Most plotting commands are reference-anchored. That is the normalized raw signal is plotted as the re-squiggle algorithm has assigned it to the reference sequence.

Each reference anchored plotting command allows for the selection of reference positions based on generally applicable criterion.

.. code-block:: bash

    tombo plot max_coverage --fast5-basedirs <fast5s-base-directory> --plot-standard-model

    tombo plot motif_centered --fast5-basedirs <fast5s-base-directory> --motif AWC \
        --genome-fasta genome.fasta --control-fast5-basedirs <control-fast5s-base-directory>

    tombo plot per_read --per-read-statistics-filename <per_read_statistics.tombo.stats> \
        --genome-locations chromosome:1000 chromosome:2000:- \
        --genome-fasta genome.fasta

.. note::

   For regions with higher coverage, several over-plotting options are available. For those options producing a distribution, these are taken over each reads average signal assigned to a base. This requires extraction of these levels from all relevant FAST5 files and thus can be slow for very deep coverage regions.

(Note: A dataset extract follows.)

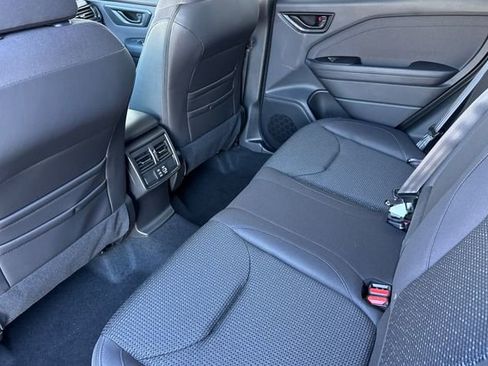 New 2025 Subaru Forester Premium w/ Convenience Package #1 AWD/4WD image 9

For more details see the :doc:`plotting documentation </plotting>`.

--------------
Read Filtering
--------------

Read filtering commands can be useful to extract the most out out of a set of reads for modified base detection. Read filtering commands effect only the Tombo index file, and so filters can be cleared or applied iteratively without re-running the re-squiggle command. Five filters are currently made available (``genome_locations``, ``raw_signal_matching``, ``q_score``, ``level_coverage`` and ``stuck``).

.. code-block:: bash

    # filter reads to a specific genomic location
    tombo filter genome_locations --fast5-basedirs path/to/native/rna/fast5s/ \
        --include-regions chr1:0-10000000

    # apply a more strigent observed to expected signal score (default: 1.1 for DNA reads)
    tombo filter raw_signal_matching --fast5-basedirs path/to/native/rna/fast5s/ \
        --signal-matching-score 1.0

For more details see the :doc:`filter documentation </filtering>`.